Former railway company in New York and Vermont

The Boston, Hoosac Tunnel and Western Railway was a railway company that operated in the states of New York and Vermont in the 1880s. At its peak it controlled a 61 mi network centered on Mechanicville, New York. Plans to extend the line west to Buffalo, New York, on Lake Ontario, were never realized, and the Fitchburg Railroad, a predecessor of the Boston and Maine Railroad, acquired control of the company in 1887 and merged it in 1892.

== History ==
There were initially two companies, both named Boston, Hoosac Tunnel and Western Railway, one incorporated in New York (April 16, 1877) and the other in Vermont (April 17, 1878). The two were consolidated into a single company, still with the same name, on April 19, 1880. The company's initial purpose was to establish a new east−west link between Boston, Massachusetts, and points west, via the Hoosac Tunnel, which had been completed in 1875. The Boston, Hoosac Tunnel and Western Railway would build between Mechanicville, New York and the Massachusetts/Vermont state line, where it would connect with the Massachusetts-owned Troy and Greenfield Railroad. In the west, the Delaware and Hudson Railway (D&H) would build between Schenectady, New York, and Mechanicville. Besides the D&H, the Erie Railroad supported the new line.
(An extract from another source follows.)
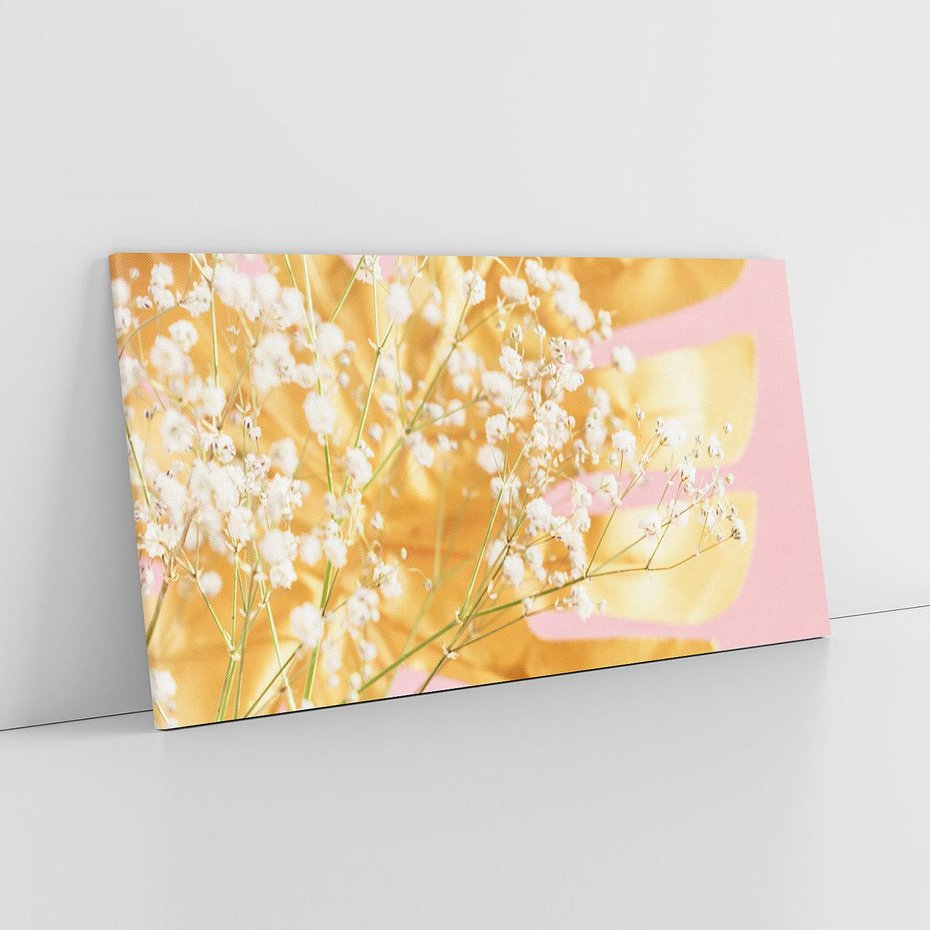 Obraz na płótnie 140x70 - : Elegancja w Złocie - złote, liście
The 38 mi line between Mechanicville and the Vermont/Massachusetts state line opened on December 22, 1879. Between Valley Falls, New York, and the Massachusetts state line the Boston, Hoosac Tunnel and Western Railway ran parallel with the Troy and Boston Railroad; both lines following the Hoosic River. From the Massachusetts state line, the company operated over the Troy and Greenfield to North Adams, Massachusetts, where it interchanged with the Fitchburg Railroad. The line interchanged with the D&H at two points: Eagle Bridge, New York (the Rutland and Washington Railroad), and at Mechanicville (the Rensselaer and Saratoga Railroad). The D&H completed the new line between Mechanicville and Schenectady in December 1881, eliminating the need to run via Ballston Spa, New York.

=== Western extension ===
In early 1884, the company completed a 23 mi extension from Mechanicville to Rotterdam Junction, west of Schenectady, enabling interchange with the West Shore Railroad. (Note: There is some confusion over the date of the Rotterdam extension. Karr suggests that the entire Rotterdam–Massachusetts line opened in January 1879. The ICC valuation report for the Boston and Maine misprints "1855.") At one point, the company planned to build west across the state of New York to points on Lake Erie (Buffalo) and Lake Ontario (Oswego). The resulting line would have been 400 mi long. In furtherance on this plan, the company was consolidated with five other companies on April 9, 1880: the Hoosac Tunnel and Saratoga Railway; Utica and Syracuse Air-Line Railway; Syracuse, Chenango and New York Railroad; Syracuse, Phoenix and Oswego Railroad; and Mohawk and Lake Erie Railway. The New York Supreme Court subsequently ruled that the consolidation was illegal, and nothing came of these plans.

=== Branches ===
The Boston, Hoosac Tunnel and Western Railway leased the Saratoga Lake Railway and Hoosac Tunnel and Saratoga Railway in July 1882. These two companies gave the Boston, Hoosac Tunnel and Western Railway a branch from Mechanicville to Saratoga Springs, New York, via Saratoga Lake, New York, and from Saratoga Lake to Schuylerville, New York. The two companies were consolidated in 1886 to form the Troy, Saratoga and Northern Railroad.

=== Fitchburg control ===
The Fitchburg Railroad acquired the Troy and Greenfield Railroad from Massachusetts on February 1, 1887, and the Troy and Boston Railroad on May 3, 1887. Shortly thereafter, the Fitchburg gained control of the Boston, Hoosac Tunnel and Western Railway, and operated the formerly separate parallel single-track lines of the Boston, Hoosac Tunnel and Western Railway and the Troy and Boston between Williamstown, Massachusetts, and Johnstown, New York, as a single line. A similar arrangement was made with the D&H for the parallel lines between Mechanicville and "Crescent", in the direction of Schenectady. The Boston, Hoosac Tunnel and Western Railway and the Troy, Saratoga and Northern Railroad were formally merged with the Fitchburg Railroad on October 1, 1892.